Given entries >>
________________________________________

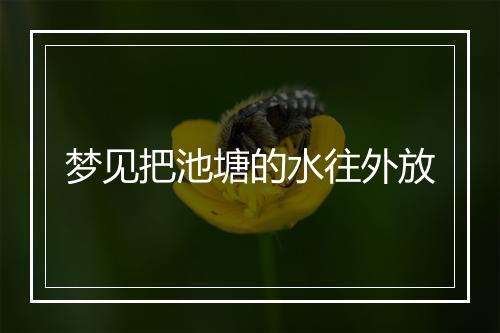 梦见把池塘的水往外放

________________________________________

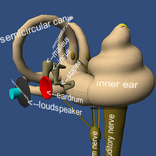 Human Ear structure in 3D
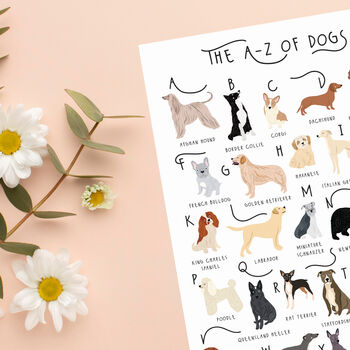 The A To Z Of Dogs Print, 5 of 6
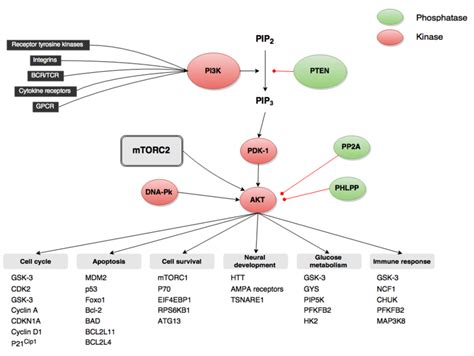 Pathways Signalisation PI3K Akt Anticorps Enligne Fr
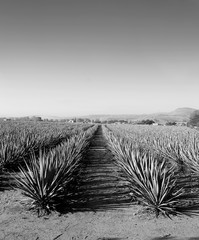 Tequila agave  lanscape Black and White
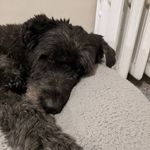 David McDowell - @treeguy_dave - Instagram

________________________________________

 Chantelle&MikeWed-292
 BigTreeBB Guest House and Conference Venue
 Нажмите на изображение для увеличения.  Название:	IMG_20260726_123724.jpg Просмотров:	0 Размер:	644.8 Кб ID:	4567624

________________________________________

Work request >> Given the listing above, repeat exactly the lines starting at the one with "Black and White" and ending at the one with "David McDowell - @treeguy_dave - Instagram", inclusive, excluding pictures.

Your solution >>
 Tequila agave  lanscape Black and White
 David McDowell - @treeguy_dave - Instagram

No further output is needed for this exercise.